**Task details**: I'd like the data below restated word for word, with the pictures left out.

**Information provided**:
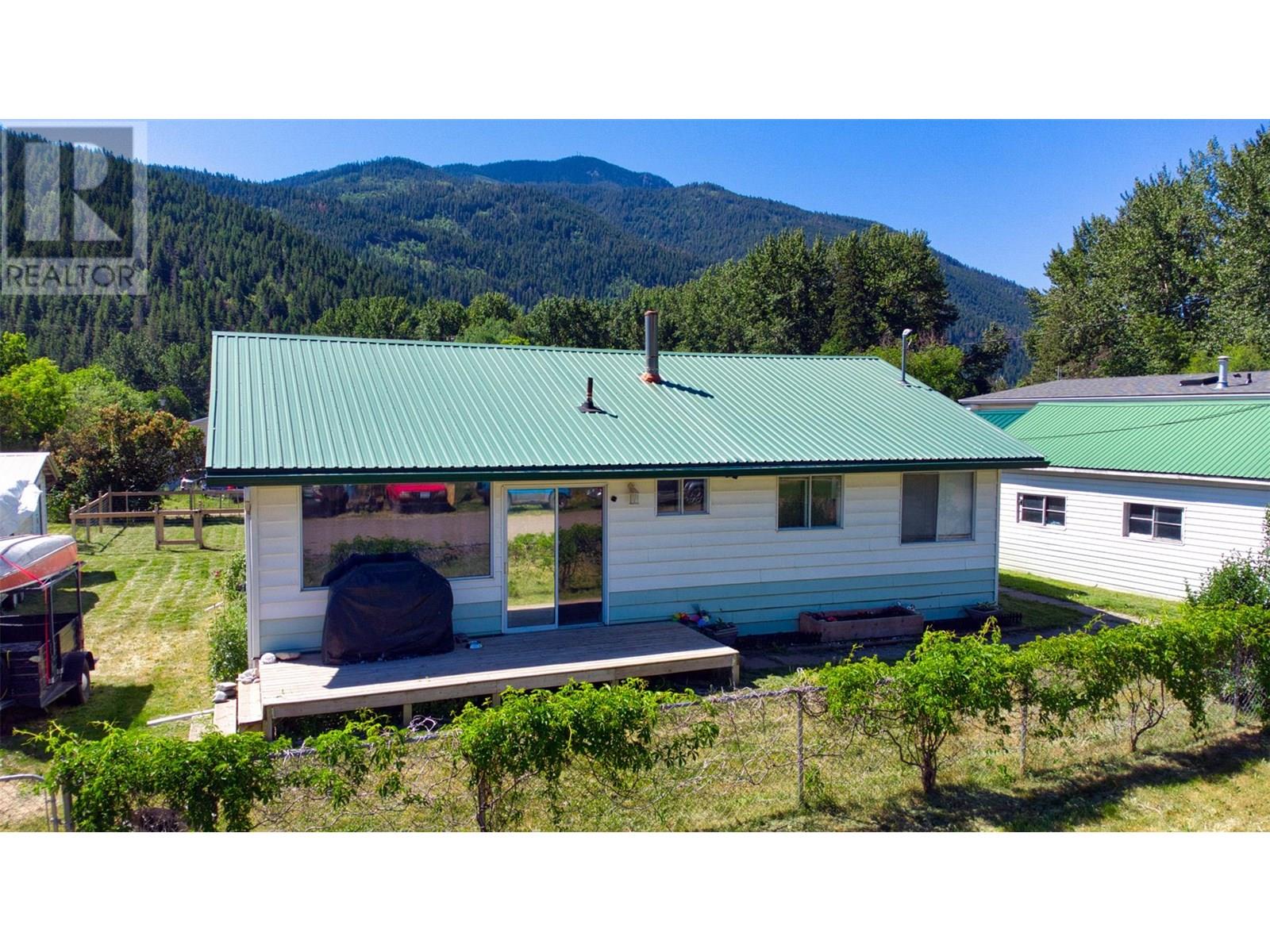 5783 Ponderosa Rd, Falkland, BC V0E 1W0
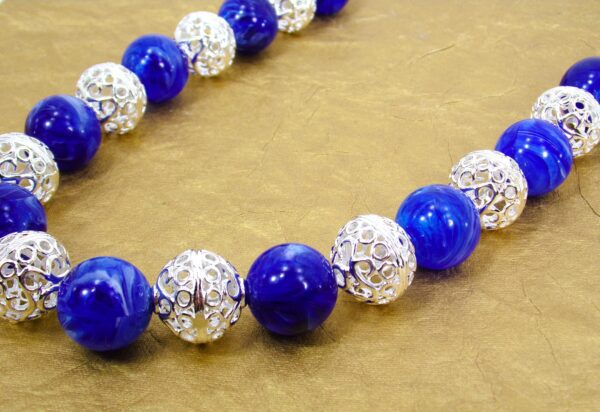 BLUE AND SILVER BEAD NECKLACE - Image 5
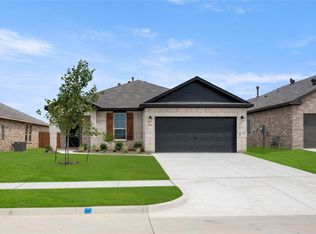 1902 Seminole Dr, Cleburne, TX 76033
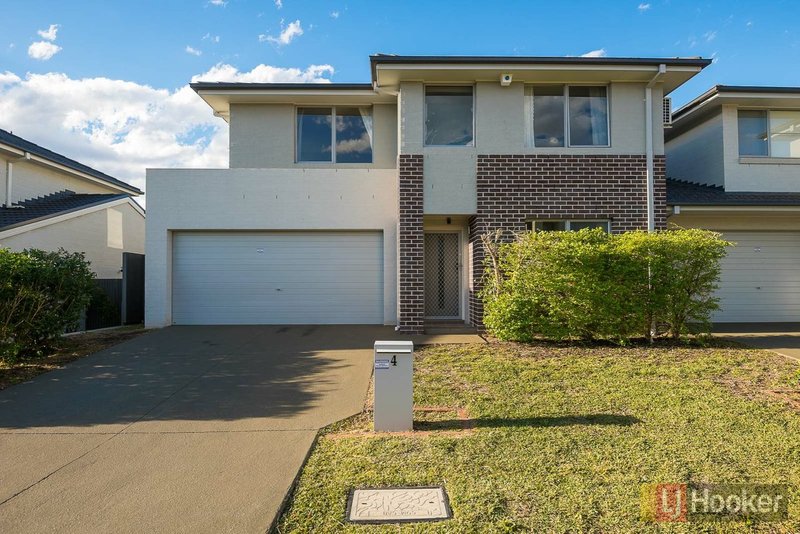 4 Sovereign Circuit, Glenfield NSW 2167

**Your solution**:
 5783 Ponderosa Rd, Falkland, BC V0E 1W0
 BLUE AND SILVER BEAD NECKLACE - Image 5
 1902 Seminole Dr, Cleburne, TX 76033
 4 Sovereign Circuit, Glenfield NSW 2167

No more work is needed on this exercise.